(Dataset extract Opens)
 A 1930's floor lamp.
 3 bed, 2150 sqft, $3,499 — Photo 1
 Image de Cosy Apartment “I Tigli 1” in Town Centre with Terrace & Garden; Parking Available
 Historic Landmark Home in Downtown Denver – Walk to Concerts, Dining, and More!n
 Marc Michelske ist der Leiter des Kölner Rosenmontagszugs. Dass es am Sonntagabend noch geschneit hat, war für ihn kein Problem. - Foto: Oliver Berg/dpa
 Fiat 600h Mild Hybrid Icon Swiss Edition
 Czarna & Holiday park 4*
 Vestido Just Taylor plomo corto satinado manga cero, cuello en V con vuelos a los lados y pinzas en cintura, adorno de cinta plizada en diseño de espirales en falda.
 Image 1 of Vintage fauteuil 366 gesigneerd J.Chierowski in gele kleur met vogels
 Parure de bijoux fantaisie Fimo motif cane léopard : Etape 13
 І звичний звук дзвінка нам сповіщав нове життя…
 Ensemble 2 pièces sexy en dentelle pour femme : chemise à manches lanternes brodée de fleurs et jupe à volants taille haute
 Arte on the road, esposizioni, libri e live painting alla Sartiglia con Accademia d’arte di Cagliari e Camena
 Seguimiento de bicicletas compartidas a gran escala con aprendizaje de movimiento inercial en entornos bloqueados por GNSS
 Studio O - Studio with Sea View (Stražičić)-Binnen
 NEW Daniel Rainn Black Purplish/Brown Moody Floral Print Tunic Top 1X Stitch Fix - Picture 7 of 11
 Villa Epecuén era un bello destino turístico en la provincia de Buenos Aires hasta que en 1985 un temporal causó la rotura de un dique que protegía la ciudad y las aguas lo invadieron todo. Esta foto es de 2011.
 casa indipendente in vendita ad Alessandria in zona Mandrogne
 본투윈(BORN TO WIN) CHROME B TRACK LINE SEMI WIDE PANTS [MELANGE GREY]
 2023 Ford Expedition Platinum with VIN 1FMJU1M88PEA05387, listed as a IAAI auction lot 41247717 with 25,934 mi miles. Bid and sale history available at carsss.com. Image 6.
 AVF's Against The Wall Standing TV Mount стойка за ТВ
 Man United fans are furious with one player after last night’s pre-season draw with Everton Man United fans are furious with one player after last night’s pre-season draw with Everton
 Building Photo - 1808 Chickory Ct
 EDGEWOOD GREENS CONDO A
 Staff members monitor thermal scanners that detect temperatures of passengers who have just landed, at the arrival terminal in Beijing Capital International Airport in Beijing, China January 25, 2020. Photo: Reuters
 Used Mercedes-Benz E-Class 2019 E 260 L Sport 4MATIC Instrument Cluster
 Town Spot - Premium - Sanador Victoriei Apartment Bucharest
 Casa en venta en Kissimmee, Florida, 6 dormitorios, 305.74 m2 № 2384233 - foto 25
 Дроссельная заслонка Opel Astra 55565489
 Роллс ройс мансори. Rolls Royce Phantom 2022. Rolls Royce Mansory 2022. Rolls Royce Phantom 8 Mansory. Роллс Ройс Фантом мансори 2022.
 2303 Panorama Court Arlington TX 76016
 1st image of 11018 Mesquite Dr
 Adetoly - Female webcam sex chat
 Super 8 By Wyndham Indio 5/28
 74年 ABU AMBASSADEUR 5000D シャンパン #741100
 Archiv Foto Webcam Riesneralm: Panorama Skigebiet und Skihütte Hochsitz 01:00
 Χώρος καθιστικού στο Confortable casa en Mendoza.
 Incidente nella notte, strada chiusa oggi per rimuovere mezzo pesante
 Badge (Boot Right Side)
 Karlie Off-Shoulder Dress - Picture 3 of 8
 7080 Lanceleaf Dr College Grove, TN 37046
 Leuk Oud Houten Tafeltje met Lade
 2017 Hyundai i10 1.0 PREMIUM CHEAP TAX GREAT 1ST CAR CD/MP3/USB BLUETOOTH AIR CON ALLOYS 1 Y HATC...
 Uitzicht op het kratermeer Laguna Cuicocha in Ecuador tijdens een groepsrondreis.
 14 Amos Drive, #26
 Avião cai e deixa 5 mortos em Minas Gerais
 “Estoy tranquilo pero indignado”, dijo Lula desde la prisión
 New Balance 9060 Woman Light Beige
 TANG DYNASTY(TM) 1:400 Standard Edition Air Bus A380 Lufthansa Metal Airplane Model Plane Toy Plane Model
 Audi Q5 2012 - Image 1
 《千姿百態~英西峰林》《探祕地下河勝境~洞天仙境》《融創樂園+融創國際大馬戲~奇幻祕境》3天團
(Dataset extract Closes)
Try it: Quote the data above from the line containing "74年 ABU AMBASSADEUR 5000D シャンパン #741100" to the line containing "Leuk Oud Houten Tafeltje met Lade", inclusive, and stop.

Written solution:
 74年 ABU AMBASSADEUR 5000D シャンパン #741100
 Archiv Foto Webcam Riesneralm: Panorama Skigebiet und Skihütte Hochsitz 01:00
 Χώρος καθιστικού στο Confortable casa en Mendoza.
 Incidente nella notte, strada chiusa oggi per rimuovere mezzo pesante
 Badge (Boot Right Side)
 Karlie Off-Shoulder Dress - Picture 3 of 8
 7080 Lanceleaf Dr College Grove, TN 37046
 Leuk Oud Houten Tafeltje met Lade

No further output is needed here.